By Liz Mocadlo, RD, MS, CDE, Director of Food & Nutrition Services, Aspirus Riverview Hospital & Clinics
Special to the City Times
As a registered dietitian, I am often asked about weight loss myths. Here are a few of the most common myths, as well as their corresponding truths.
Myth: It doesn’t matter what you eat as long as you exercise.
Truth: Exercise can’t undo an unhealthy diet. Eating a variety of food and maintaining reasonable portion sizes is important for overall health.
Myth: Cutting fat and carbs completely from your diet is a smart way to lose weight.

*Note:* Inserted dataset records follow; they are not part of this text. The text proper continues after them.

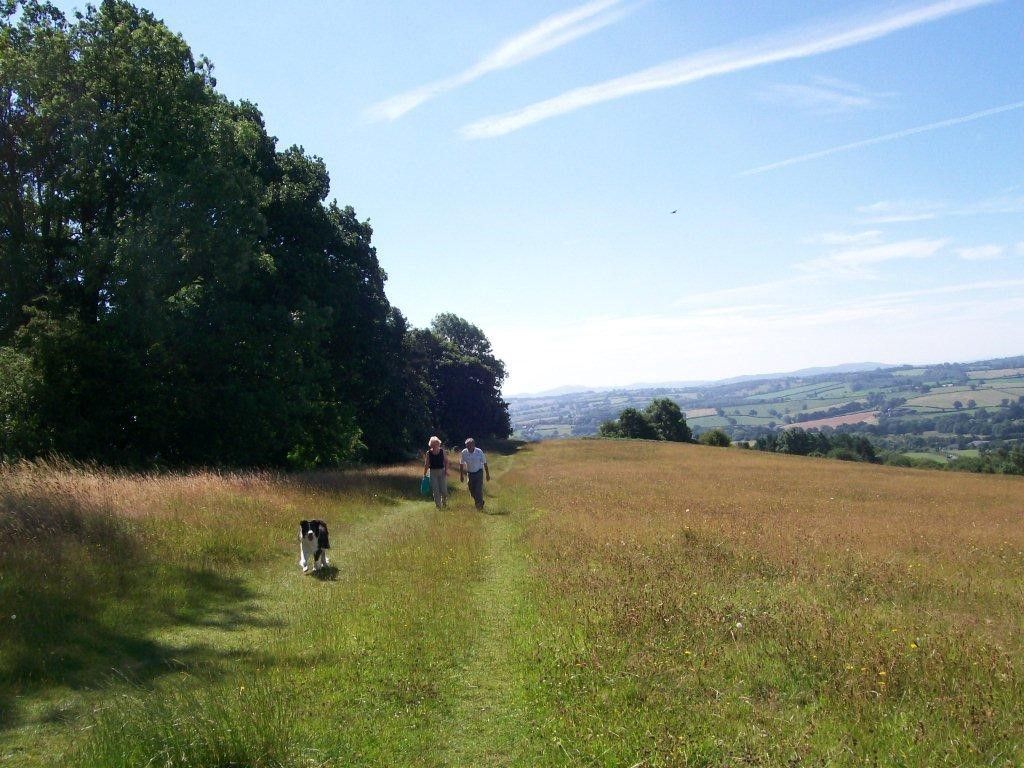 Another view of the Downs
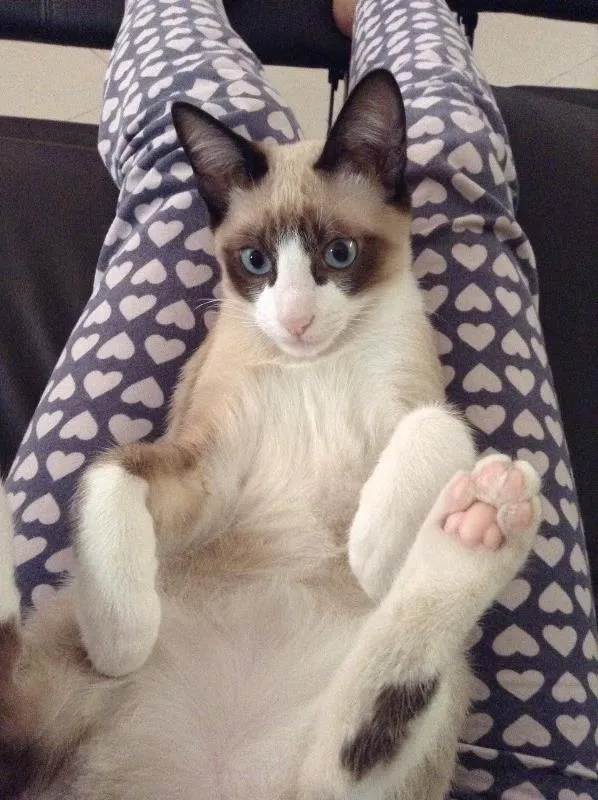 Gato ra a Sem raça definida idade 1 ano nome Loui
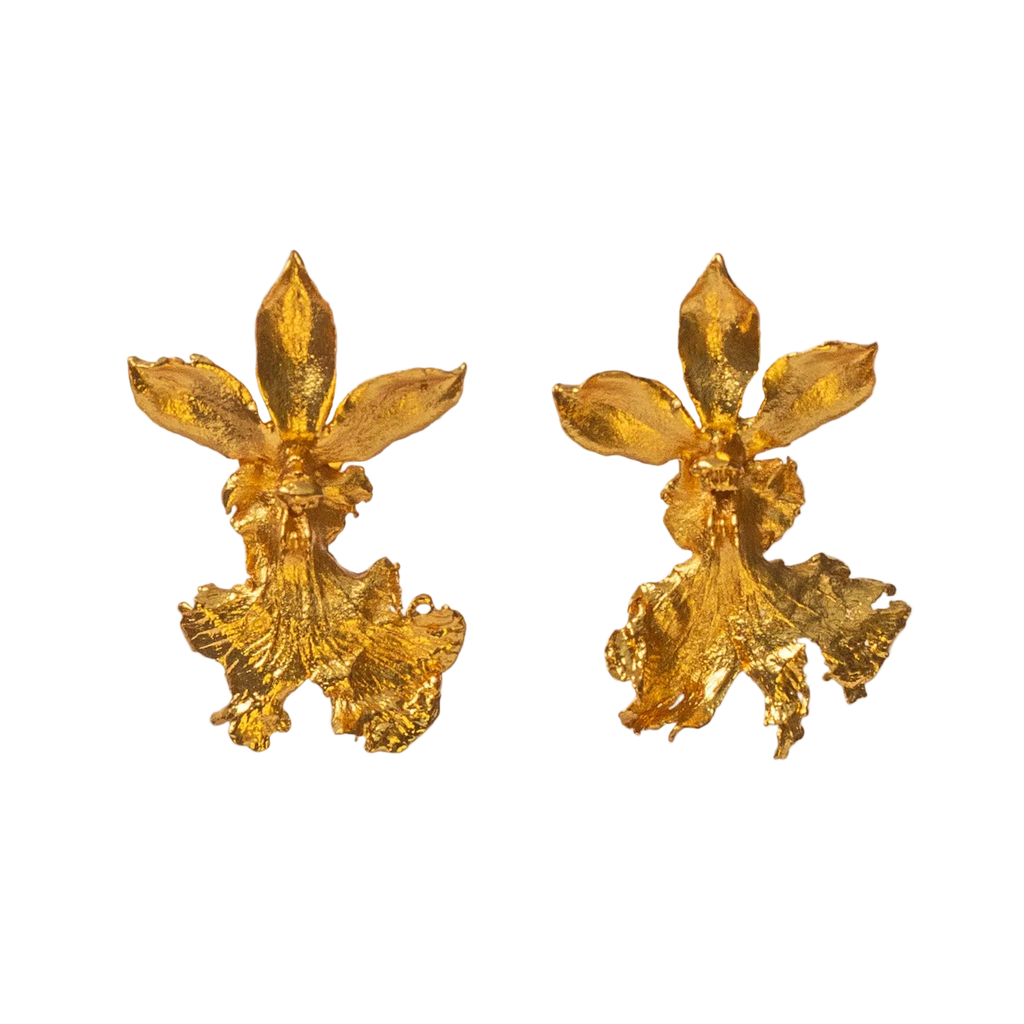 Aretes Topo Orquidea Caucaea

Truth: Eliminating food groups from your diet can be unhealthy. Make sure you include food from a variety of sources to prevent boredom, maintain health, lose weight, and avoid health problems.
Myth: It’s normal and OK to gain weight as we age.
Truth: Our metabolism tends to slow as we age, so we need to adjust our diets accordingly in order to not gain weight.
Myth: In order to lose weight, you have to exercise like a triathlete if you want to see results.
Truth: Talk to your doctor before starting any new exercise plan. Starting out slow and gaining momentum with practice and consistency is the best way to make sure you don’t injure yourself and place too much strain on your muscles, including your heart and joints.
Myth: Weight training will make me bulk up, and I want to avoid that.
Truth: Women’s hormones prevent them from “bulking up” unless they are lifting extreme amounts and training full time. Weight training will actually help you look and feel leaner!
Myth: No pain, no gain.
Truth: If something hurts when you are exercising, slow down and don’t push it. You run the risk of injuring yourself and putting your new workout routine on hold.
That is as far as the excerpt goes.